This post is about the physical laws of backpressure in software systems, latency death spirals, and why unbounded queues are a bug.
If you have ever been on call or in charge of ops and system reliability during a massive traffic spike, you know the feeling. The alerts fire, the CPU goes to 100%, memory usage goes through the roof, and the server either crashes or your software becomes unresponsive.
The team’s immediate reaction is almost always the same: we need a bigger buffer. You increase the size of your Go channels or Redis buffer limits. Perhaps you don't "yet" have a queue in your system, so you decide to add Kafka or RabbitMQ — Problem solved! You can now handle such traffic spike without crashing... Until your business hits a bigger milestone and you're back to the same routine.

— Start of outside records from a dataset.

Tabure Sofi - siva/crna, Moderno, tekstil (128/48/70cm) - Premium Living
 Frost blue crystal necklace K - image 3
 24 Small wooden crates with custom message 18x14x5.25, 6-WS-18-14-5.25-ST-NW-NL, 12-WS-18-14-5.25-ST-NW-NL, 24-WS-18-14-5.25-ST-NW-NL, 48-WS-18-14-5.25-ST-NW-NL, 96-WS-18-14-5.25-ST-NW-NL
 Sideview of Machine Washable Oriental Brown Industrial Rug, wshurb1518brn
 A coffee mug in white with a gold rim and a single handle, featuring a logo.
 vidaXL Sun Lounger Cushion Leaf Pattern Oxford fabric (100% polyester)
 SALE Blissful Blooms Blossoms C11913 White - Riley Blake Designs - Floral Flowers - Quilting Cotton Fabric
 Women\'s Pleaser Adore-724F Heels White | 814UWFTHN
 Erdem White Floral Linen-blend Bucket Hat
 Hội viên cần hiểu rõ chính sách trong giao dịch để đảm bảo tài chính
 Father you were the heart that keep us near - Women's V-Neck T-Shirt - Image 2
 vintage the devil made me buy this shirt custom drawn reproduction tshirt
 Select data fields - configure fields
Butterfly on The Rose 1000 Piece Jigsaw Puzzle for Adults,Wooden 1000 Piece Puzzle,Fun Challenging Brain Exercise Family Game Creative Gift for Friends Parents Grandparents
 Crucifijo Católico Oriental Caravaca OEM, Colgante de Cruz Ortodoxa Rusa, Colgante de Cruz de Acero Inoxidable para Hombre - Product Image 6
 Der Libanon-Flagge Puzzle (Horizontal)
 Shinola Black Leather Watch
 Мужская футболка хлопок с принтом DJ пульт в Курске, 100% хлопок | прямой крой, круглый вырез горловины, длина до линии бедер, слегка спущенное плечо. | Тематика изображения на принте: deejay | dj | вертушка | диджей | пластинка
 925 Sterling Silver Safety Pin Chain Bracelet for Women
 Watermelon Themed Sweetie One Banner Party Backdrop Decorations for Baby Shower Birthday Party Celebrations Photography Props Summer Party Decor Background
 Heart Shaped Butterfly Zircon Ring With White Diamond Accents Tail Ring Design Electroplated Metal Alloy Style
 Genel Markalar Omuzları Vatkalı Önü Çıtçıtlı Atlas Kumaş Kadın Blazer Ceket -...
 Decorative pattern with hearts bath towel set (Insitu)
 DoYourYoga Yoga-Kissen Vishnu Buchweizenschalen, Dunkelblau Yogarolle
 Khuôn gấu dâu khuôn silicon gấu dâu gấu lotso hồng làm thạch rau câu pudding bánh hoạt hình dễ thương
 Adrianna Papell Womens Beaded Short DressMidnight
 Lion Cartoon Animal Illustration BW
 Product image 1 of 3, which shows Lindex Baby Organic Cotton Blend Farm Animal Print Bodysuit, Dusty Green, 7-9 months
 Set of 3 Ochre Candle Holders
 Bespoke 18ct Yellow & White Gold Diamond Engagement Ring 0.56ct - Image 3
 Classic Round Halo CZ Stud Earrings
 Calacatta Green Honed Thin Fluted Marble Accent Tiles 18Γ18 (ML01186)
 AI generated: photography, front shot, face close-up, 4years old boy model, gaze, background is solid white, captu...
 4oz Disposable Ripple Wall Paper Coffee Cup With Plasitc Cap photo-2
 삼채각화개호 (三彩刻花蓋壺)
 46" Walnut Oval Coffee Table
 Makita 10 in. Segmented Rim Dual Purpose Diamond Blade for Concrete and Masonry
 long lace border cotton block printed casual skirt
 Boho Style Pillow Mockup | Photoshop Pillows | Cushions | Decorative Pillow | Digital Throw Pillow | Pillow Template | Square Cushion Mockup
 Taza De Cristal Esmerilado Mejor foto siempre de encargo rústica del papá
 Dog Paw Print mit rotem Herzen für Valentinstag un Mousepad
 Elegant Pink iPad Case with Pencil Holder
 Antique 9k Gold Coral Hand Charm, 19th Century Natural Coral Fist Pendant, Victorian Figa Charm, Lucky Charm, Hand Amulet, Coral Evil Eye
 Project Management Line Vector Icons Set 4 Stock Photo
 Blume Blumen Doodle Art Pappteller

This is the most intuitive response in software engineering today. Not only are queues used as a band-aid solution, they are added upfront as a way to decouple systems. Yet an overload on one system cascades to others.
But a queue is synonymous with a bathtub or sink, and just like bathtubs, software is bound by physics. If water is coming out of the tap (faucet) faster than it can go down the drain, making the bathtub bigger does not prevent a flood. It just delays it.
I'll publish a follow-up article about delays, how they affect your system, and how to engineer feedback loops for a reliable system. For now, let's focus on the physics of queues and why they don't fix overload.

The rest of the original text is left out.